-------- SOURCE MATERIAL --------

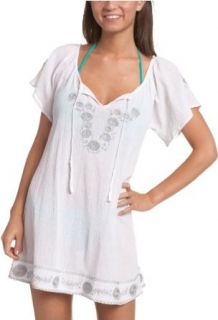 Raviya Inc Women's Embroidery Peasant Cover Up Tunic, White, Small Fashion Swimwear Cover Ups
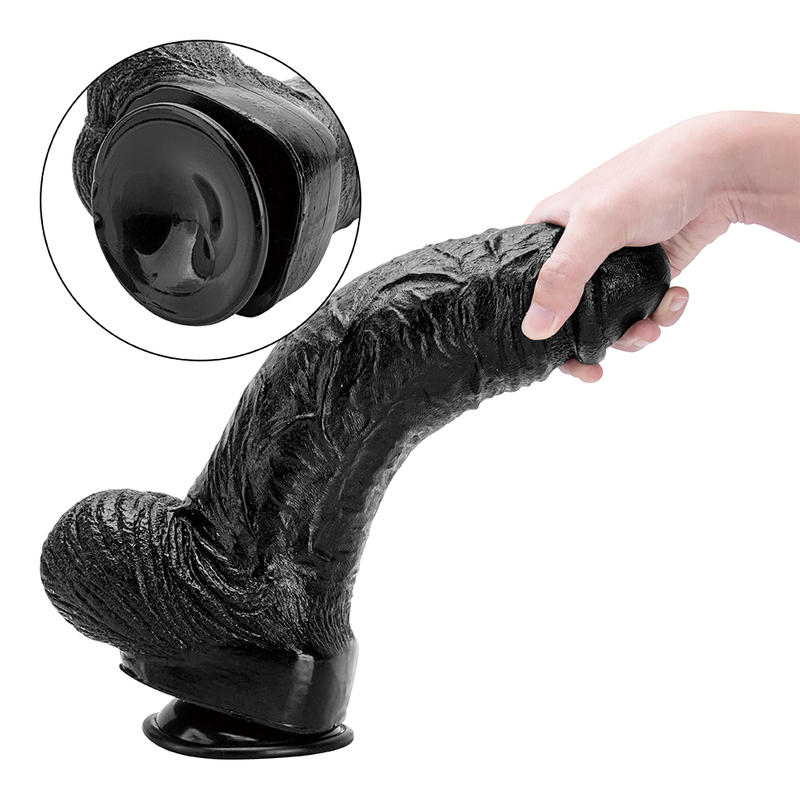 Body Safe 13.6 Inch Black Realistic PVC Dildo for Women Realistic Penis with Strong Suction Cup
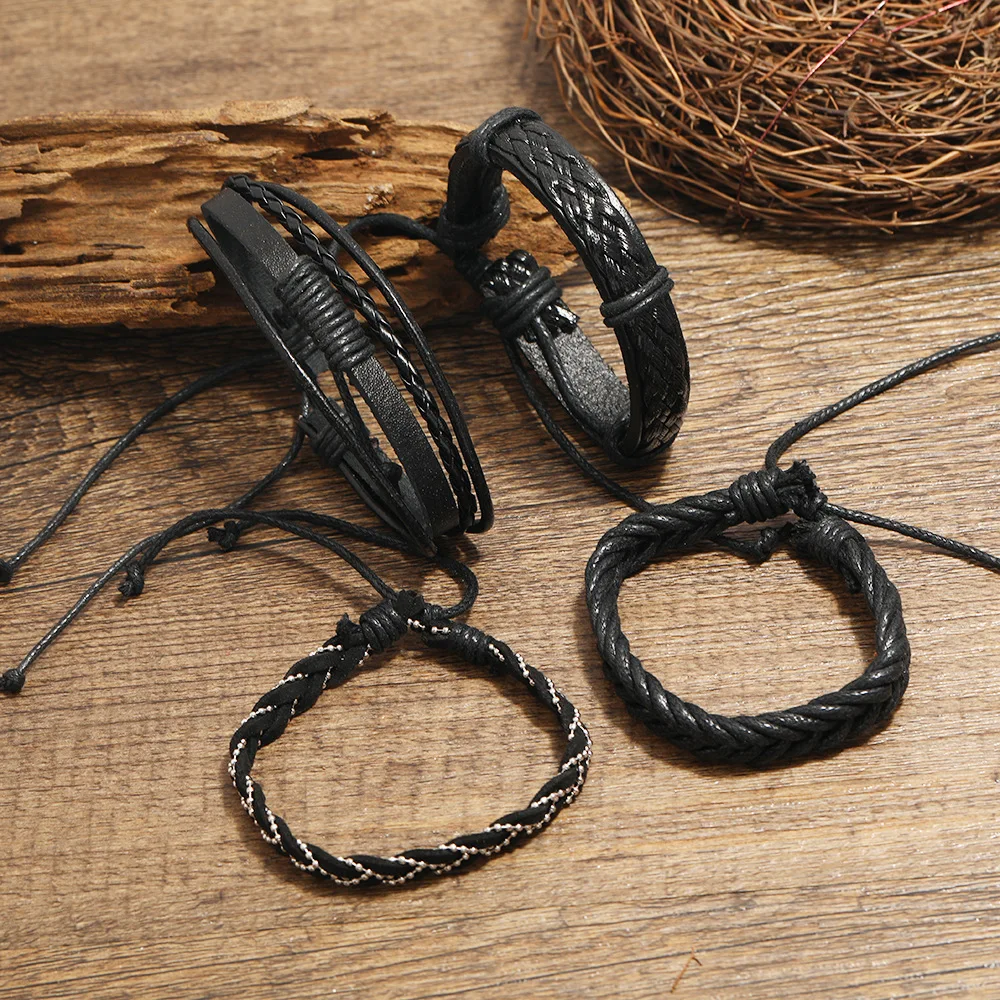 Wholesale European Retro Braided Leather Bracelets Set Adjustable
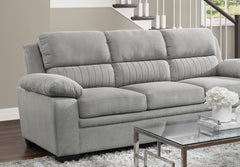 Modern Living Room 2pc Sofa Set Plush Comfortable Sofa Loveseat Set Gray Textured Fabric Channel Tufting Solid Wood Frame Furniture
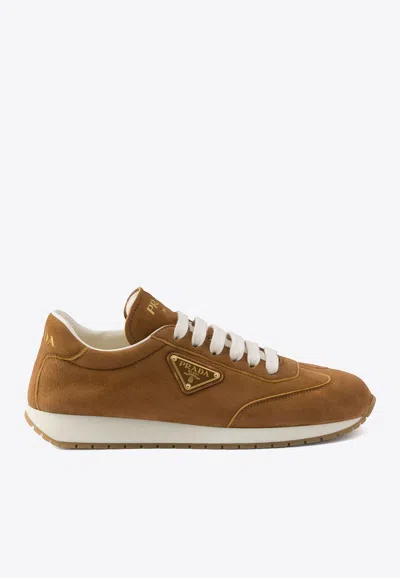 PRADA TRIANGLE LOGO SUEDE SNEAKERS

--------

Reproduce every record above exactly, omitting the pictures.

* [COMPLETED EXERCISE]
 Raviya Inc Women's Embroidery Peasant Cover Up Tunic, White, Small Fashion Swimwear Cover Ups
 Body Safe 13.6 Inch Black Realistic PVC Dildo for Women Realistic Penis with Strong Suction Cup
 Wholesale European Retro Braided Leather Bracelets Set Adjustable
 Modern Living Room 2pc Sofa Set Plush Comfortable Sofa Loveseat Set Gray Textured Fabric Channel Tufting Solid Wood Frame Furniture
 PRADA TRIANGLE LOGO SUEDE SNEAKERS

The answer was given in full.